▶ **PROBLEM STATEMENT**: Reproduce, exactly and in full, only the lines below from the one containing "Schöne blonde kaukasische" through the one containing "Close-up of smartphone".

++++ THE DATA

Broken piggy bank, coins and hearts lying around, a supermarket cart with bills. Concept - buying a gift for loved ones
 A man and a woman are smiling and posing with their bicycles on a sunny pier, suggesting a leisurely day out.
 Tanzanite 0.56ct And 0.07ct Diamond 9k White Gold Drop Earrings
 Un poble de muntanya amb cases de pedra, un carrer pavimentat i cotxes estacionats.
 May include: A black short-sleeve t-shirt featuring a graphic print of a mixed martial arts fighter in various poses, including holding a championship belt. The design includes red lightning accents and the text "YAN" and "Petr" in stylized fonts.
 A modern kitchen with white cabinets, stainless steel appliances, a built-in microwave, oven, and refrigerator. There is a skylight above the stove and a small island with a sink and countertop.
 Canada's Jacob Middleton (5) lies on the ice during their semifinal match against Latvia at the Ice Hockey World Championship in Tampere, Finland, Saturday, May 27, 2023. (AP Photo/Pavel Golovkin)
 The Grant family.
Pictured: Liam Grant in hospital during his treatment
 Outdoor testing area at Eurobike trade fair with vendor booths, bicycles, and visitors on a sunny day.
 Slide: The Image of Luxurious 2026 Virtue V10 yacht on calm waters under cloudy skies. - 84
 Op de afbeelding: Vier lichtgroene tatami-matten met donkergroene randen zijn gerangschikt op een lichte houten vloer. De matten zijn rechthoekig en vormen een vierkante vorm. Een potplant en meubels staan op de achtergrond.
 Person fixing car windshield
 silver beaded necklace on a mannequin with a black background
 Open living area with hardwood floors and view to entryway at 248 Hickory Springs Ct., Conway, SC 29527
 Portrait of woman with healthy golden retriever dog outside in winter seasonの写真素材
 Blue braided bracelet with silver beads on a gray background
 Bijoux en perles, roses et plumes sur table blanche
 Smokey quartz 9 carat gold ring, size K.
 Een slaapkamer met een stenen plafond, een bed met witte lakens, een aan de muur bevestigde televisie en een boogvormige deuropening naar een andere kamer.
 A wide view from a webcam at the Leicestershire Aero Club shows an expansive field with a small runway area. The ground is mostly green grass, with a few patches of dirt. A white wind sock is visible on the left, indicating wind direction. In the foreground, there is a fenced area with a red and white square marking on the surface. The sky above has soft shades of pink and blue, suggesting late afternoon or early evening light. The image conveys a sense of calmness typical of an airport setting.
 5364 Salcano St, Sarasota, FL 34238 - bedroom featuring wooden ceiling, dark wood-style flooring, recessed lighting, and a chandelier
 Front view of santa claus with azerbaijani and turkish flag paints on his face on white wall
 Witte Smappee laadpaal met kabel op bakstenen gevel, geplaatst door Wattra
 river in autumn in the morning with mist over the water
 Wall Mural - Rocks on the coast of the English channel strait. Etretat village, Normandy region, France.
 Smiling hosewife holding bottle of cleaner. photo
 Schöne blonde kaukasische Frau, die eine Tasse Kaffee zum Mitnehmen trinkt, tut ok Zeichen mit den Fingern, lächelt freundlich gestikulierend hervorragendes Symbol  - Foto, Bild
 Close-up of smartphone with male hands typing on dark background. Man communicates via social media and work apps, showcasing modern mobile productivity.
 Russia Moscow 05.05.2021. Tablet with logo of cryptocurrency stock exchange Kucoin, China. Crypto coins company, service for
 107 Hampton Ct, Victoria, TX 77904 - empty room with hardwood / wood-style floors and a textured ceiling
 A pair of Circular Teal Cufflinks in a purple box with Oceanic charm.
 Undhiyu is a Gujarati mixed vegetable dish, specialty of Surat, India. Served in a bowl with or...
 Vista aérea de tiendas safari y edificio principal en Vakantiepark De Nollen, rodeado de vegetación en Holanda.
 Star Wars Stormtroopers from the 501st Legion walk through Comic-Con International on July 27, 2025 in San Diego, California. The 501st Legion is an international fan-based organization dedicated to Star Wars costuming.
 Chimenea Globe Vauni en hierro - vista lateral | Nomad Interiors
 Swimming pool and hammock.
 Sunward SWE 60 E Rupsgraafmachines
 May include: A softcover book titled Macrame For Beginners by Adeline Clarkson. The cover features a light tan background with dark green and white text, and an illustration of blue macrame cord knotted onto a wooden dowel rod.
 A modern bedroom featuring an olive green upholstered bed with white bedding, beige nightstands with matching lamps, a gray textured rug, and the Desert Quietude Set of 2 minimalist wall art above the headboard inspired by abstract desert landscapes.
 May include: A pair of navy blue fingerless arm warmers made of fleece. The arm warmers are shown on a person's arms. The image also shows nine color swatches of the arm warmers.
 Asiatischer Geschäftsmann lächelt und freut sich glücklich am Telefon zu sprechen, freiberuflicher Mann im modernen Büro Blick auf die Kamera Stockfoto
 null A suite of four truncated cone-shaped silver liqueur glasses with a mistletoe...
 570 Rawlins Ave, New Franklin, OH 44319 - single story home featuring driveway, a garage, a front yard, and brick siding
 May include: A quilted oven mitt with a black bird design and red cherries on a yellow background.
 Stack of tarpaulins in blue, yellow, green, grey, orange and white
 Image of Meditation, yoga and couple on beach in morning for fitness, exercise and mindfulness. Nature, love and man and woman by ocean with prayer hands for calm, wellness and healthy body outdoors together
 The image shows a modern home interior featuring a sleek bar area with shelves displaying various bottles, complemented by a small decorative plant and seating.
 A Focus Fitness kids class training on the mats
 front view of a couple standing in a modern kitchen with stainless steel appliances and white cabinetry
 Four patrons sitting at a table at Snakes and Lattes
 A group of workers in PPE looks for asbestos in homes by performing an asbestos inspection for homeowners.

++++++++

▶ **REPLY TO THE EXERCISE**:
 Schöne blonde kaukasische Frau, die eine Tasse Kaffee zum Mitnehmen trinkt, tut ok Zeichen mit den Fingern, lächelt freundlich gestikulierend hervorragendes Symbol  - Foto, Bild
 Close-up of smartphone with male hands typing on dark background. Man communicates via social media and work apps, showcasing modern mobile productivity.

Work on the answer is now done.